• **AIM OF THE EXERCISE**
Only the pictures should be left out; write out all other data exactly.

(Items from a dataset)
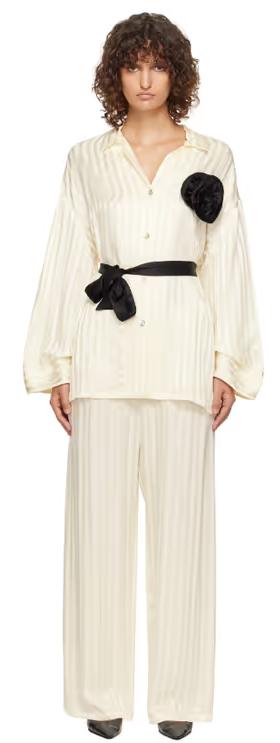 A woman wearing Sleeper off-white rose oversized satin pyjama set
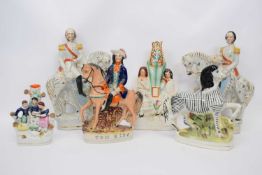 Group of Staffordshire models including one of a zebra, Tom King and two military figures on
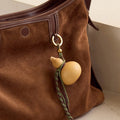 Brown suede Songmont bag with lucky gourd charm and braided cords.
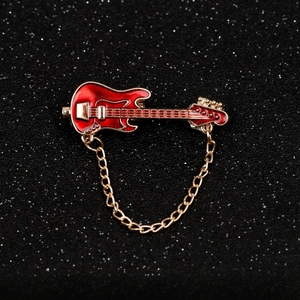 Detailed view of a red enamel guitar brooch with gold metal edges and decorative chain link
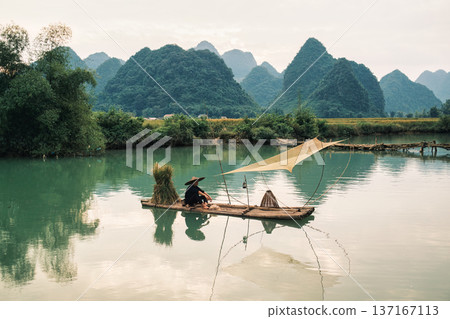 Rural scene of fisherman fishing on wooden raft, surrounded by mountain in sunny day at Phong Nam valley 137167113
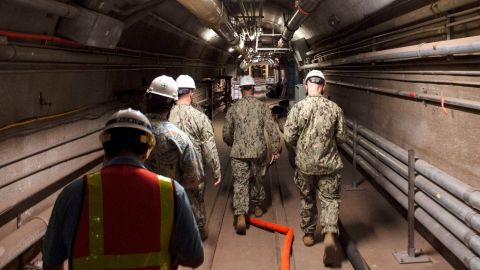 In this file photo provided by the US Navy, Navy and civilian water quality recovery experts are led through the tunnels of the Red Hill Bulk Fuel Storage Facility, near Pearl Harbor, Hawaii, on December 23, 2021. 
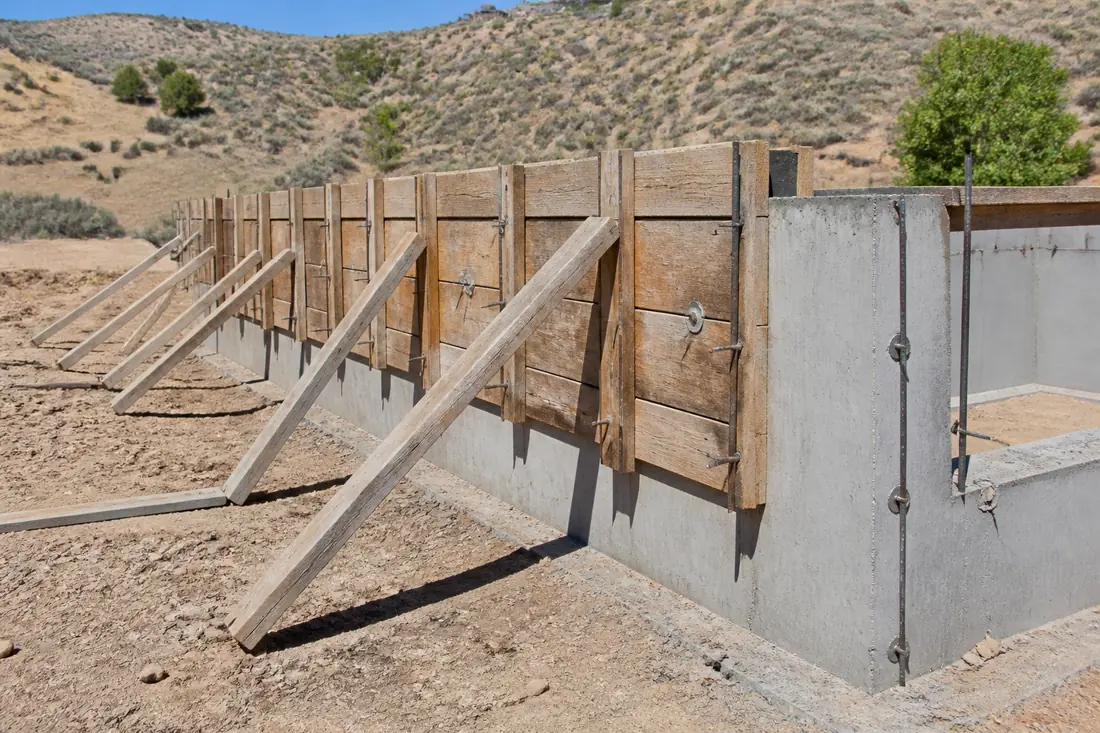 Timber formwork braced against a freshly poured concrete foundation wall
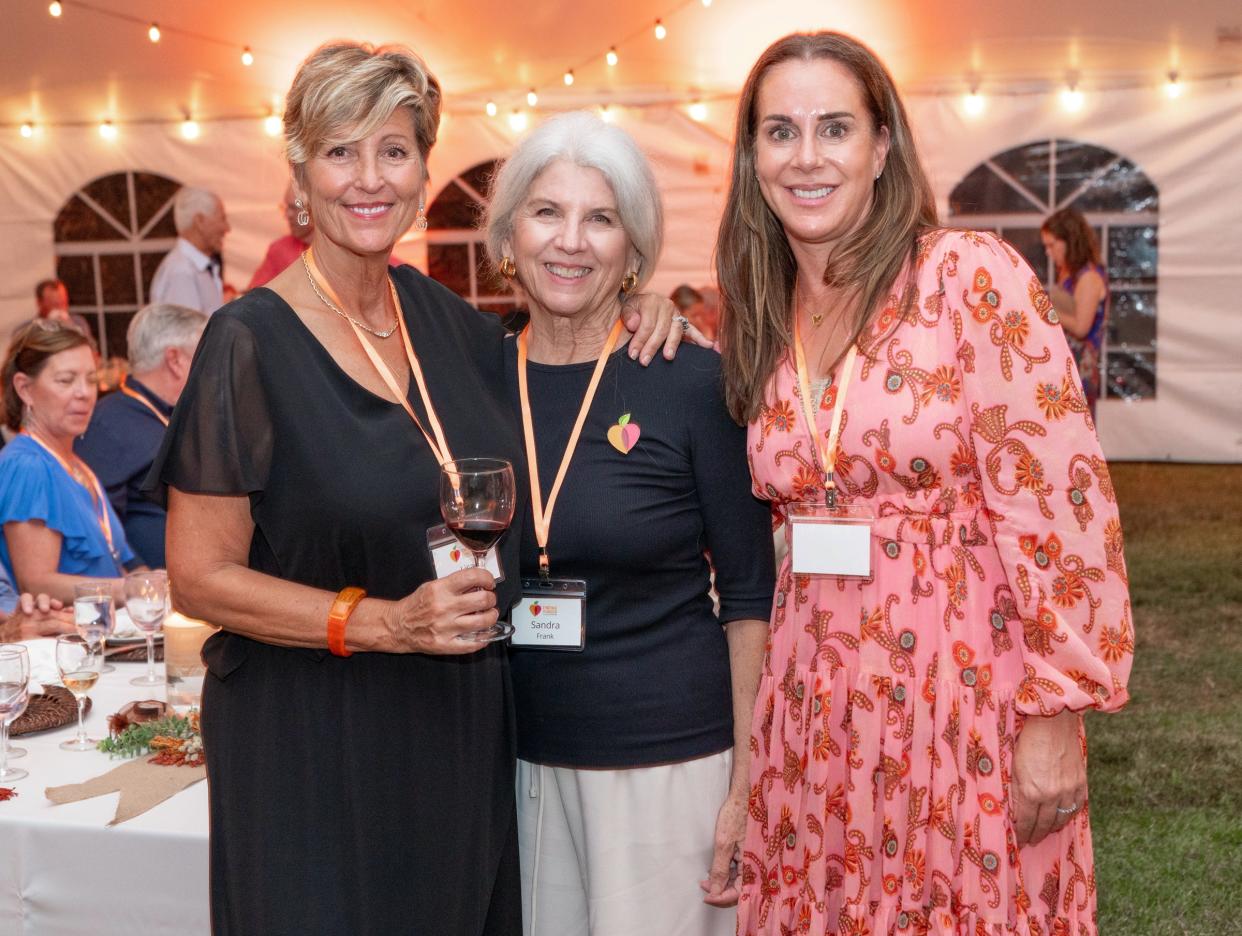 The inaugural “Friends FULL of Giving” fundraiser raised $276,000. From left, Friends FULL of Giving chair Lisa Napolitano, All Faiths Food Bank CEO Sandra Frank, and board chair Terri Vitale.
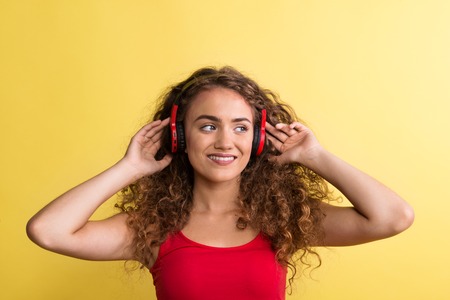 Portrait of a young woman with headphones in a studio on a yellow background.の写真素材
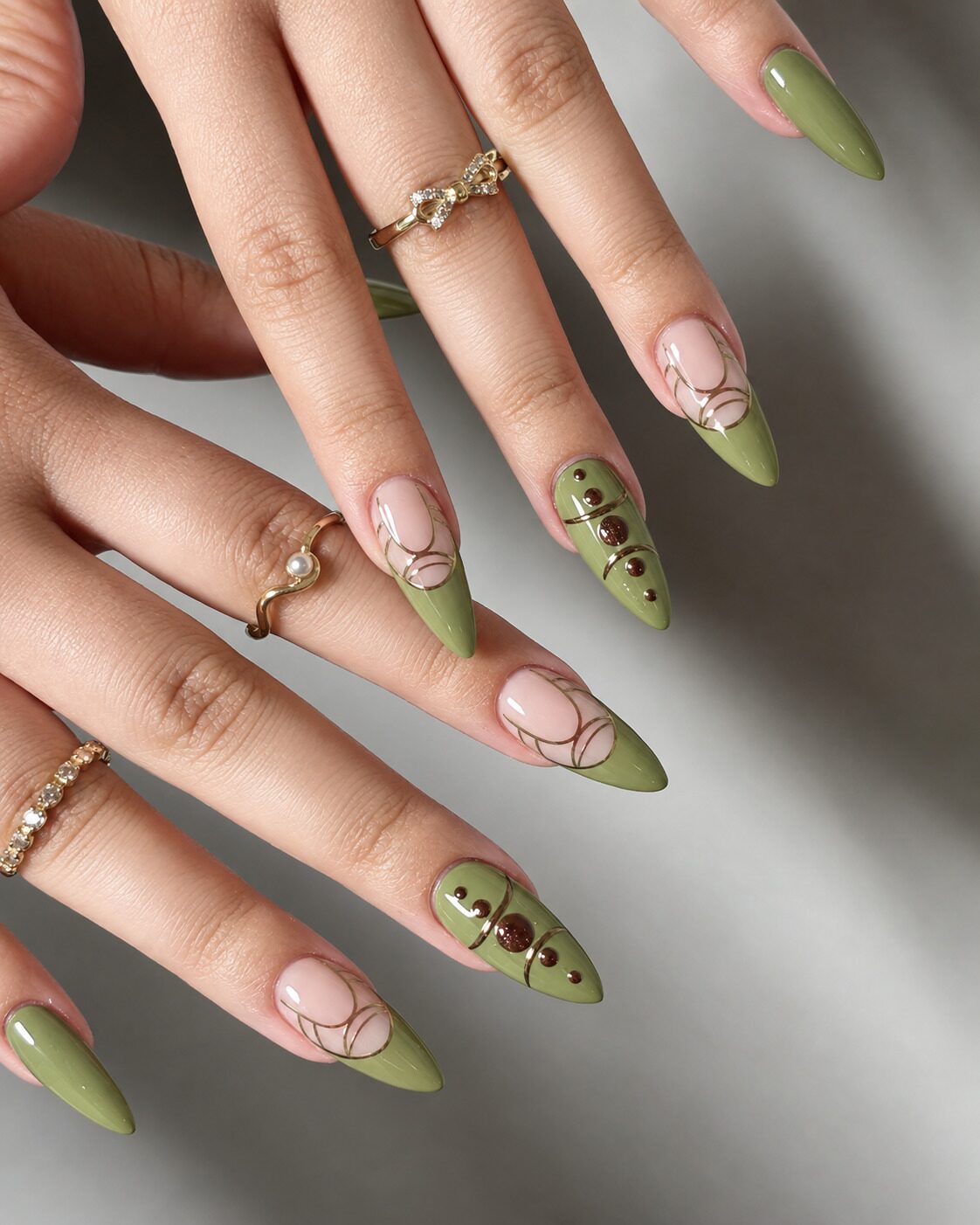 Sage green French tip almond nails with gold line arcs and brown dot accents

• **RESPONSE TO THE TASK**
 A woman wearing Sleeper off-white rose oversized satin pyjama set
 Group of Staffordshire models including one of a zebra, Tom King and two military figures on
 Brown suede Songmont bag with lucky gourd charm and braided cords.
 Detailed view of a red enamel guitar brooch with gold metal edges and decorative chain link
 Rural scene of fisherman fishing on wooden raft, surrounded by mountain in sunny day at Phong Nam valley 137167113
 In this file photo provided by the US Navy, Navy and civilian water quality recovery experts are led through the tunnels of the Red Hill Bulk Fuel Storage Facility, near Pearl Harbor, Hawaii, on December 23, 2021. 
 Timber formwork braced against a freshly poured concrete foundation wall
 The inaugural “Friends FULL of Giving” fundraiser raised $276,000. From left, Friends FULL of Giving chair Lisa Napolitano, All Faiths Food Bank CEO Sandra Frank, and board chair Terri Vitale.
 Portrait of a young woman with headphones in a studio on a yellow background.の写真素材
 Sage green French tip almond nails with gold line arcs and brown dot accents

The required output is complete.